The police brutality of recent years has mobilized people all over the US and given spark to the Black Lives Matter movement. It arose in the wake of the murder of the black teenager Trayvon Martin in 2013. The following year, the Black Lives Matter Movement proved integral to the protests in Ferguson, Missouri, after the eighteen-year-old Michael Brown was killed by a police officer. Many black musicians have responded by using their art to raise awareness of issues of racism and police violence—and to voice their own distress. A protest at Cleveland State University demonstrates the intersection of the grassroots movement and music. There activists responded to being harassed by police by chanting rapper Lamar’s song “Alright.” The same chant could be heard during protests against Donald Trump in Chicago in 2016.

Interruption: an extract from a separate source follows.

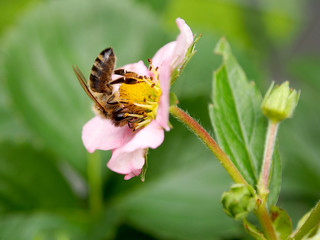 Biene auf Erdbeerblüte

“We gon’ be alright / Do you hear me, do you feel me? We gon’ be alright”
(Lamar, 2015)
In what may seem to be hopeless situations, activists have drawn hope and strength from the Lamar’s song, and it has, in turn, become something of an anthem for the movement. “Alright” creates an “us”—the group that has been targeted for oppression—and contains both self-affirmation and criticisms of police violence.
“Nigga, and we hate po-po
Wanna kill us dead in the street fo sho’ “
(Lamar, 2015)
Lamar has managed to describe in just a few paragraphs what so many members of the black community feel. In spite of the anger and the frustration, Lamar urges the black community to stand together – by rapping “We gon’ be alright”, he refers to the whole community. “Alright” has been a song that encourages and brings the black community together. And that, to me, makes him one of the most important artists of our generation.